Spatialdata - A quick introduction#
This tutorial provides a quick overview over key functionalities of the spatialdata format. This includes
Data modalities
Plotting, and
Visualization in napari image viewers.
For detailed explanations and tutorials, check out the official documentation
Getting started#
In the following, we will just explore the spatialdata format a little more. Note that you should also checkout the official documentation documentation, and especially the tutorials on the spatialdata format
and spatialelements
Modules#
import numpy as np
import shapely
import geopandas
import matplotlib.pyplot as plt
import spatialdata as sd
from spatialdata.models import Image2DModel
import spatialdata_plot
from napari_spatialdata import Interactive
%%capture
spatialdata_plot
Data#
Let’s get a built-in mock dataset from spatialdata
sdata = sd.datasets.blobs(extra_coord_system="second_coordinate_system")
Read/Write#
Spatialdata has a native on-disk format, based on the .zarr standard, that can be used to store the data. De-facto, .zarr stores all data in a directory with subdirectories and specific metadata files. (.zattrs)
path = "/path/to/file/"
# Write spatialdata
sdata.write(path)
# Read spatialdata
sdata = sd.read_zarr(path)
Access attributes#
Let’s explore the structure of the spatialdata object. You can see that the dataset contains multiple attributes
sdata
SpatialData object
├── Images
│ ├── 'blobs_image': DataArray[cyx] (3, 512, 512)
│ └── 'blobs_multiscale_image': DataTree[cyx] (3, 512, 512), (3, 256, 256), (3, 128, 128)
├── Labels
│ ├── 'blobs_labels': DataArray[yx] (512, 512)
│ └── 'blobs_multiscale_labels': DataTree[yx] (512, 512), (256, 256), (128, 128)
├── Points
│ └── 'blobs_points': DataFrame with shape: (<Delayed>, 4) (2D points)
├── Shapes
│ ├── 'blobs_circles': GeoDataFrame shape: (5, 2) (2D shapes)
│ ├── 'blobs_multipolygons': GeoDataFrame shape: (2, 1) (2D shapes)

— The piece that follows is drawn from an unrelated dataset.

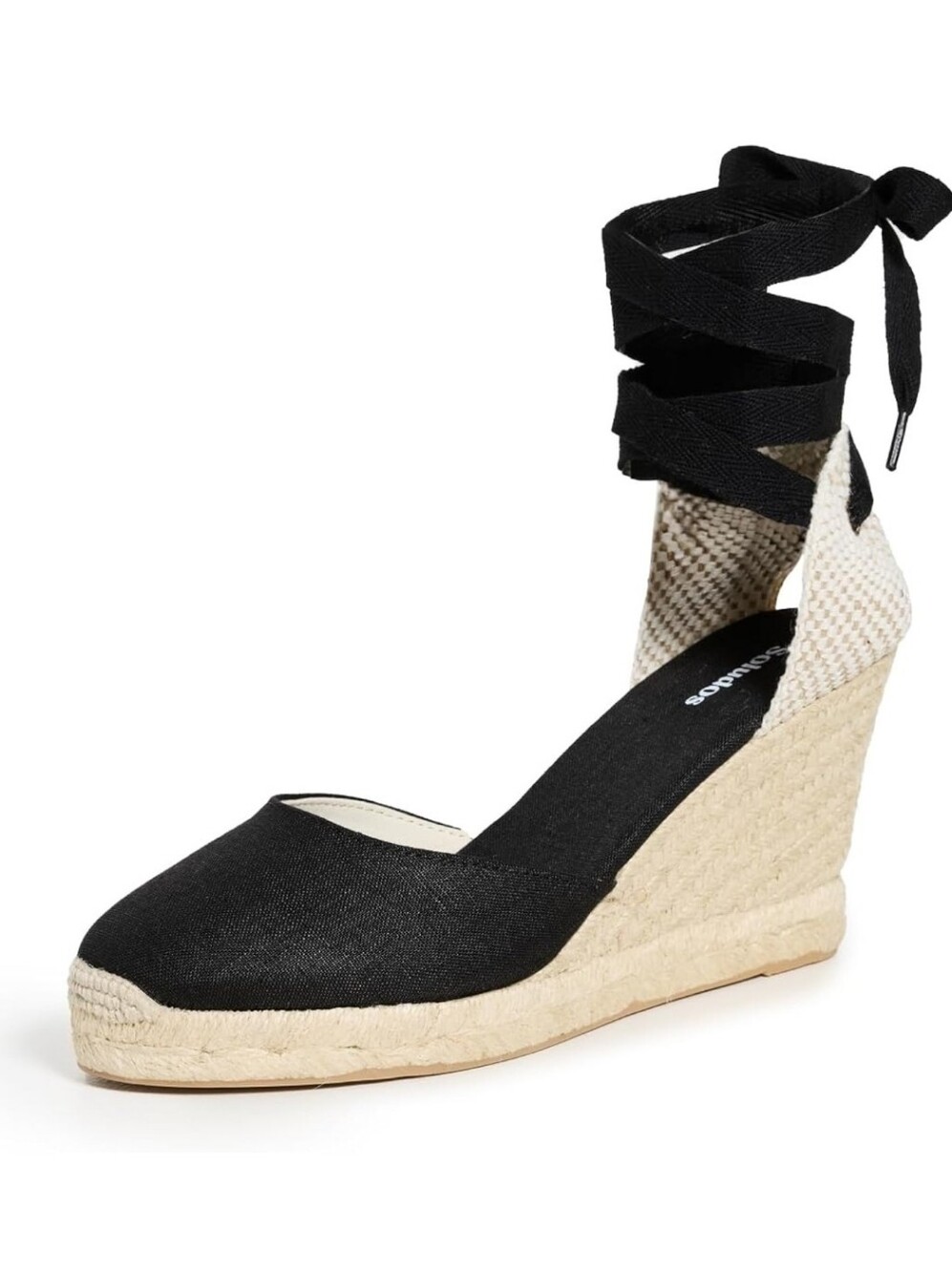 Soludos Black Tall Wedge Espadrille - Size 7.5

│ └── 'blobs_polygons': GeoDataFrame shape: (5, 1) (2D shapes)
└── Tables
└── 'table': AnnData (26, 3)
with coordinate systems:
▸ 'global', with elements:
blobs_image (Images), blobs_multiscale_image (Images), blobs_labels (Labels), blobs_multiscale_labels (Labels), blobs_points (Points), blobs_circles (Shapes), blobs_multipolygons (Shapes), blobs_polygons (Shapes)
▸ 'second_coordinate_system', with elements:
blobs_image (Images), blobs_multiscale_image (Images), blobs_labels (Labels), blobs_multiscale_labels (Labels), blobs_points (Points), blobs_circles (Shapes), blobs_multipolygons (Shapes), blobs_polygons (Shapes)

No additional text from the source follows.